Say you have a billion records in your table. If you want to filter the records on a column which has values that are on average 30 bytes, then an index on that column would be 30GB (uncompressed). It becomes extremely impractical to hold those indices in memory if you have several / dozens / hundreds.
The problem with row based database structures is that the data between any two rows can vary in length, so if scanning across rows on disk for a column's value, you need metadata that points at the start of each column. That means the process of scanning across the data on disk involves a _lot_ of jumping around; less of a problem on SSDs than it was on spinning platters, but still work.
The alternate approach is to store columns together on disk. That means that when performing a query that filters based on values in a given column, you can scan sequential areas on disk, which is much much faster. Of course, if you now want to assemble rows based on your filter, you need to use the metadata about where related values are in each other column in order to assemble those rows, but hopefully you have a much smaller set of records that you need to do this over. (It's cheaper to assemble 10k matching rows across a set of columns than it is to jump across a billion unaligned columns to filter them in the first place.)

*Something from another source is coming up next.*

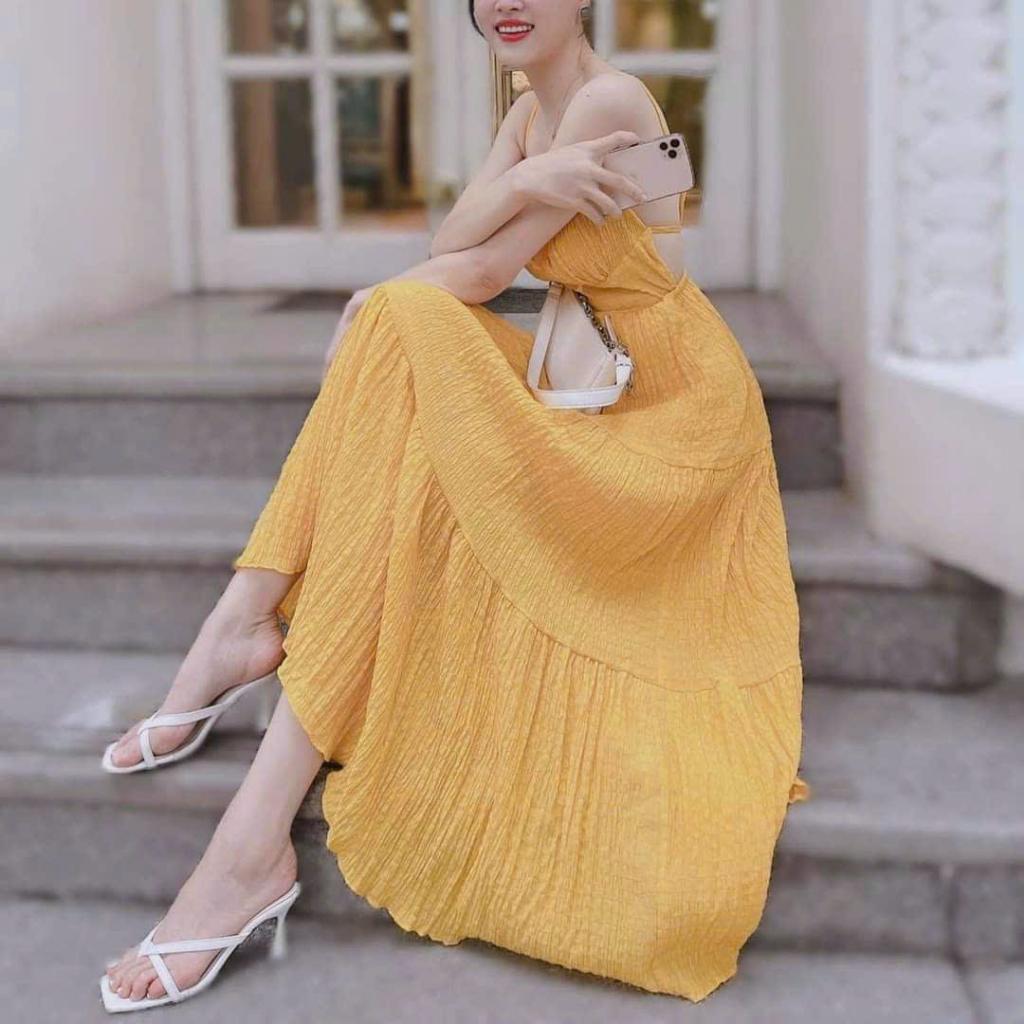 Váy đầm nữ maxi hai dây nhún tầng hở lưng cột dây quyến rũ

One thing I've seen about other columnar databases (e.g. Clickhouse) is that they're bad at k/v style lookups. Why is that? Your explanation would make me think otherwise, as we would be able to quickly scan the columns using our sequential reads, ideally.
Think of columnar data as being run-length compressed.
(If you have 100 rows of "1 Fizz" followed by 200 rows of "1 Buzz", followed by one "1 Fizz" you can store that as "100:1:Fizz;200:1:Buzz;1:1:Fizz".)
Then, a mere 30 bytes of IO + a quick sum tells you that you sold 101 Fizz and 200 Buzz from the widget factory this quarter. Maybe the first Fizz is how many you sold in the USA and the second Fizz is how many you sold in Canada, so it becomes easy to do by-region reporting.
However, unpacking the column that has all your individual transaction IDs and linking it to the individual single sale of one Fizz takes a lot of lookups. So untangling individual transactions becomes slow (though not impossible).
1) If they're only using on disk indices, it'll be slower to look up any one record than it would be if the index was in memory (particularly true if a good chunk of the data was in memory also)
2) The operation of retrieving a full row of data is more expensive in a column based db than in a row based db, because in row based the data for the row is contiguous on disk. So row based is likely optimal if your data size works with that architecture. (And, to be clear, row based _can_ work with billions of rows, if you're thoughtful about what kind of querying you'll be doing against such tables, and how you maintain them.)
Instead of storing your data grouped by record, column databases store data grouped by column. This means that if your query is only interested in one or a few columns but from a large number of records , e.g. to aggregate it to calculate an average, it needs to read less database blocks from disk, so lower io costs. Same for in memory or cached, the data your interested in is easier accessible for lower performance cost.
This is especially useful for reporting/analytical purposes where you want to aggregate over data from many records.
Yes, the downside being that if you need all the columns of one specific record (row), it will be spread over many column blocks.
As a rule of the thumb, if most of your queries are aggregations over few columns of many records (OLAP), column based would be a better choice - whereas if you need to access every column/field of a small number of records (OLTP), record/row based would be a better choice.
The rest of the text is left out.